## Exercise instructions
Restate, exactly as written, the entries below from the line that holds "Hello everyone. Here" through the line that holds "Hi there, Matt". Pictures are not part of the copy.

## Input for this task
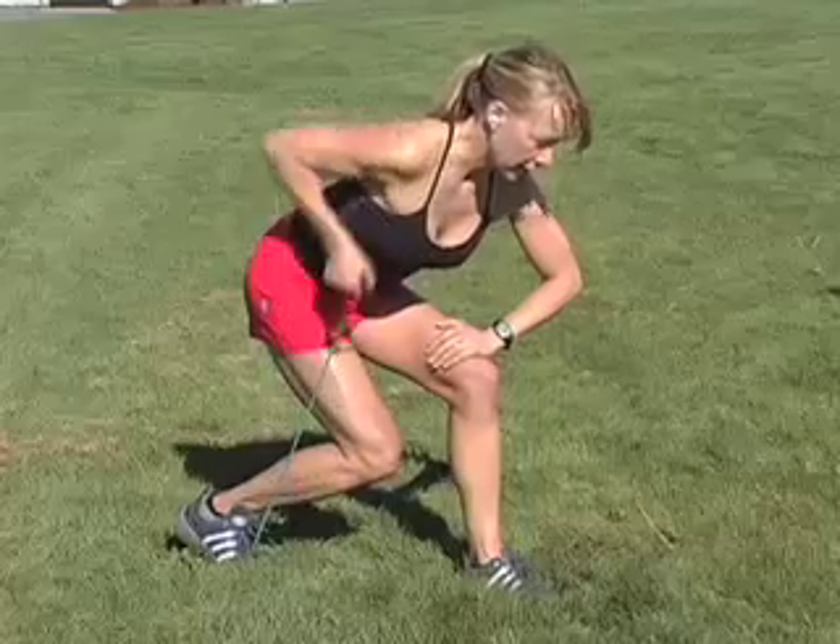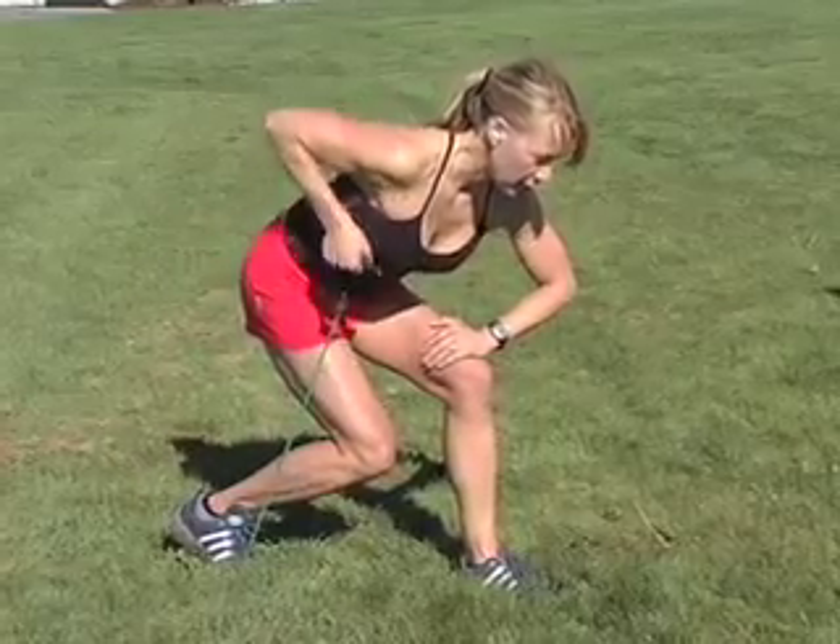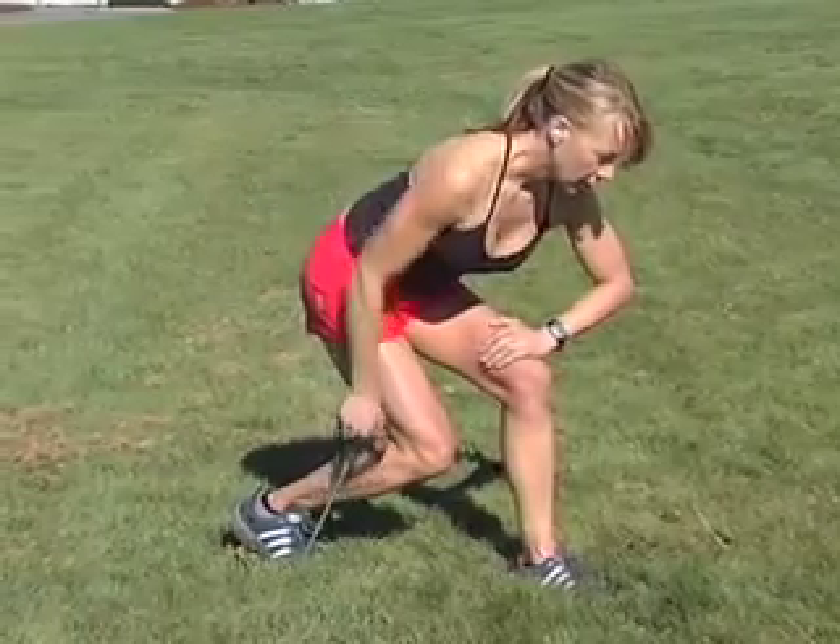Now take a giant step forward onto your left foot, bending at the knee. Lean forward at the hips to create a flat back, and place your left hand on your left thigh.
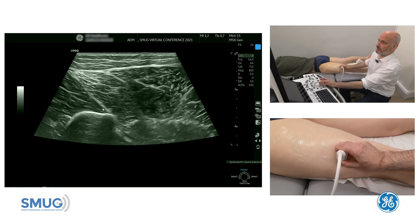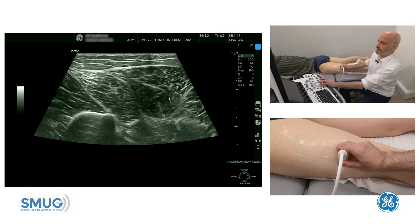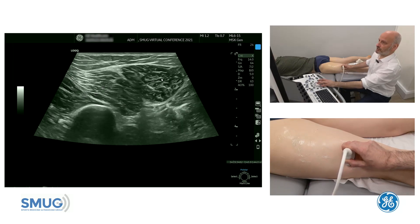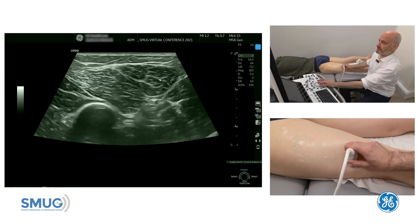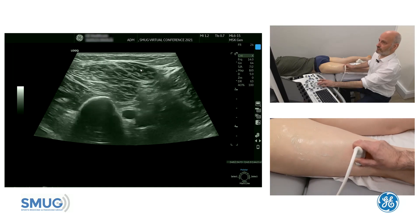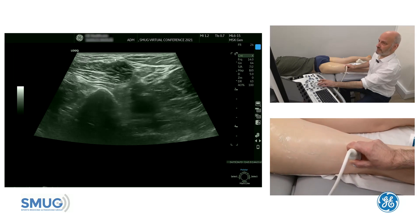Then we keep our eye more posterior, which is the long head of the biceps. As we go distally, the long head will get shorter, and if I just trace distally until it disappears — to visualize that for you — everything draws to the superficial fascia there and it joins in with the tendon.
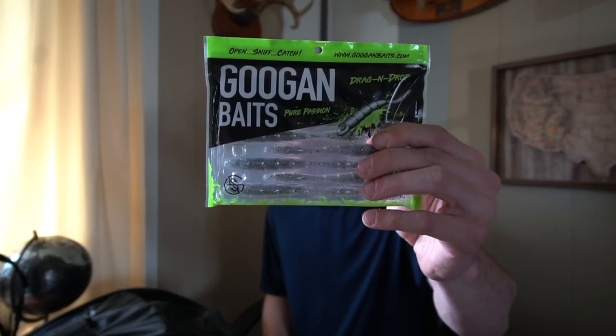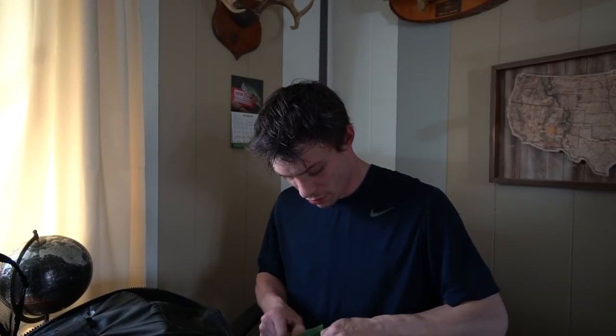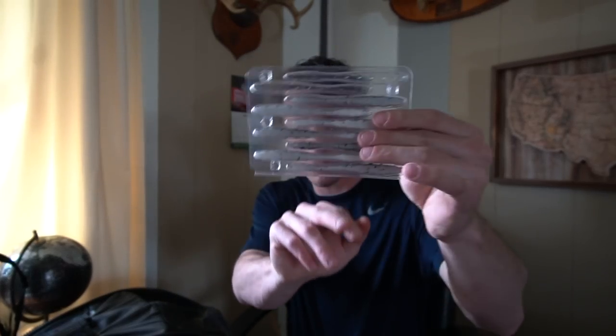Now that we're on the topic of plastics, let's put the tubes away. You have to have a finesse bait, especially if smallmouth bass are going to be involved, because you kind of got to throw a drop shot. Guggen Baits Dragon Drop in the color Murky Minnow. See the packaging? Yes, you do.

==

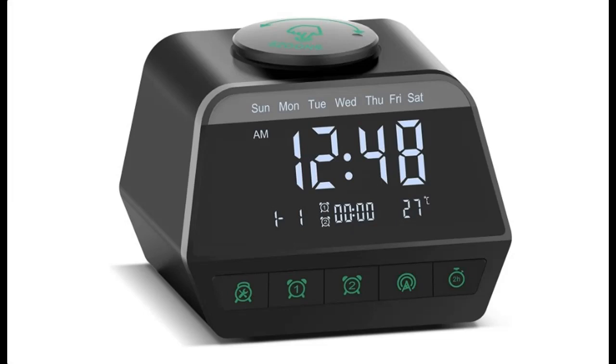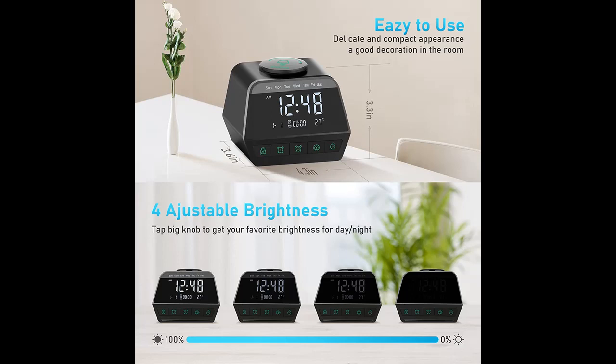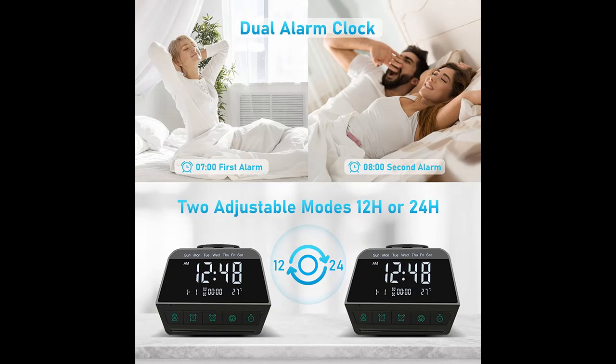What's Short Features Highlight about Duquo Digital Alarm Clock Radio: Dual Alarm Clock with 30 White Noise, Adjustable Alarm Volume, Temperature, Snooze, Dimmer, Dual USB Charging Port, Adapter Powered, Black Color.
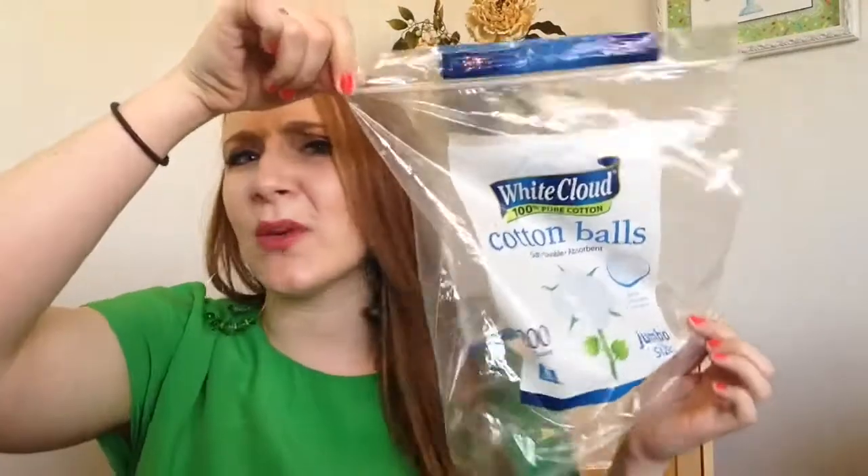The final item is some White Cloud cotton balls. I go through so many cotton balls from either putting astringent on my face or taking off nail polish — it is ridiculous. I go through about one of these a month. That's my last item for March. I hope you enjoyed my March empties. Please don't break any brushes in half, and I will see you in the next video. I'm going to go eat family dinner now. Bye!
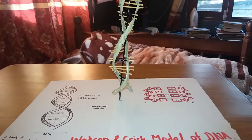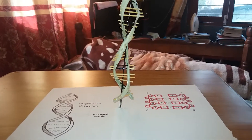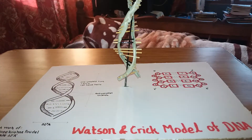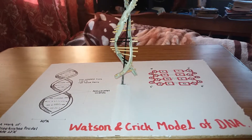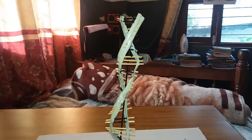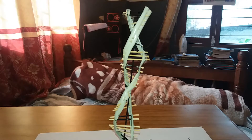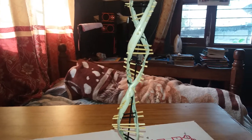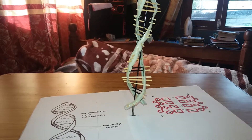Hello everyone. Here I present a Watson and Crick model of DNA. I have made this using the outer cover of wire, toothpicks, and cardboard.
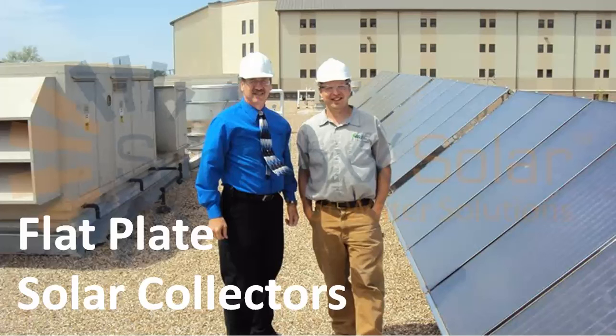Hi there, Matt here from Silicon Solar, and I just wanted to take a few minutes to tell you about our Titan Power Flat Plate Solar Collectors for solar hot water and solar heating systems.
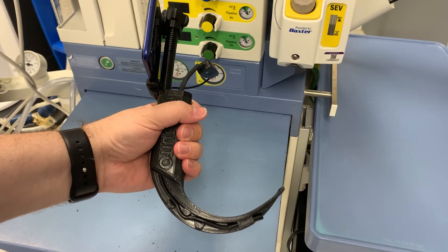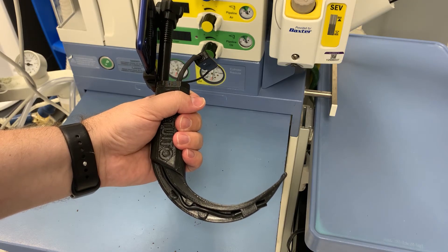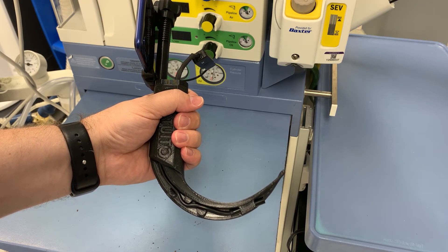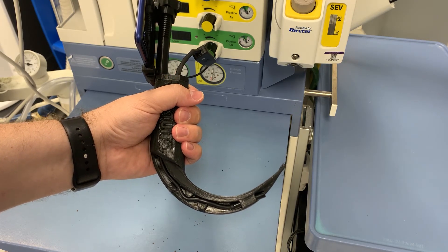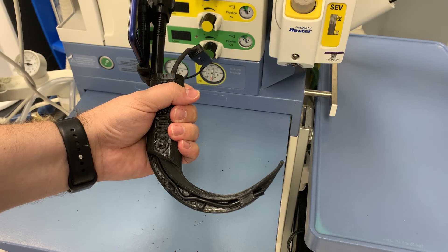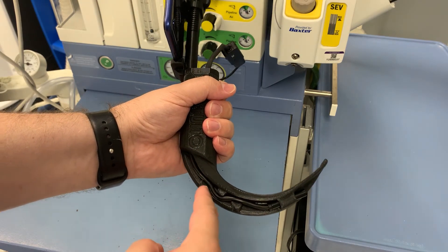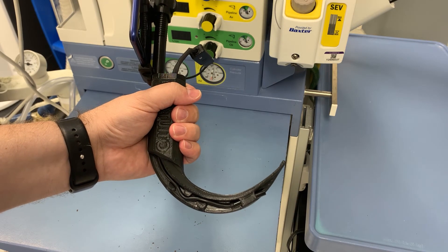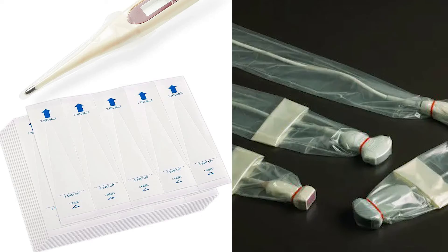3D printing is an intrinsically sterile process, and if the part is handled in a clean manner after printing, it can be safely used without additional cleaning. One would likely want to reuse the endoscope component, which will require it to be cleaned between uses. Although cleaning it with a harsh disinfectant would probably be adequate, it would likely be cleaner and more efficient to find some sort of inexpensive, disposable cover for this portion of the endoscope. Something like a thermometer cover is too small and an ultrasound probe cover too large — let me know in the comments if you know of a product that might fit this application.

## Final answer
Hello everyone. Here I present a Watson and Crick model of DNA. I have made this using the outer cover of wire, toothpicks, and cardboard.
Hi there, Matt here from Silicon Solar, and I just wanted to take a few minutes to tell you about our Titan Power Flat Plate Solar Collectors for solar hot water and solar heating systems.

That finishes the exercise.